I have two kernels that perform the same thing in slight different ways. The first kernel uses 3 floating-point arrays, whereas the second one uses one float3-point array. The main idea is to time them to determine which one is a better implementation. However, the issue is that the kernel executed first takes almost twice time than the kernel executed second.

Next are the kernels:

global void addDevice(float *A, float *B, float *C, float nStrm, float bSize, float dt) {

int tx = threadIdx.x + blockIdx.x * blockDim.x;
float a, b, c;

a = A[tx];
b = B[tx];
c = C[tx];
b = nStrm * a + (1-nStrm) * b + bSize * c * dt;

}

global void addDevice3(float3 *ABC, float nStrm, float bSize, float dt) {

int tx = threadIdx.x + blockIdx.x * blockDim.x;
float3 abc;
float b;

abc = ABC[tx];
b = nStrm * abc.x + (1-nStrm) * abc.y + bSize * abc.z * dt;

}

Say if I called first addDevice it will take aprox. 0.06 secs and the addDevice3 will take aprox 0.03, however if I called first addDevice3 it will take aprox 0.06 secs and addDevice 0.03 secs.

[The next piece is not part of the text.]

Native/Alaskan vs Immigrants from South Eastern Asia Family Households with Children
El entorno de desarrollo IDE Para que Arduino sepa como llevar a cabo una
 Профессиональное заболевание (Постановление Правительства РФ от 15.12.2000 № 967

So as I said depending on which kernel execute first it will take aproximately twice the time of the kernel executed second. I am using events to time the kernels right before the execution of every kernel, so it looks to me that I’m timing correctly.

As it can be seen on the kernels above, they use different arrays, so I guess caching is not helping the execution of the kernel executed second. The question is why is this thing happening ?

Thanks.

CUDA needs some kind of initialization. This happens when some first CUDA function is called. I also often see this behavior and by calling some e.g. kernel in advance of what u want to measure this should be solved.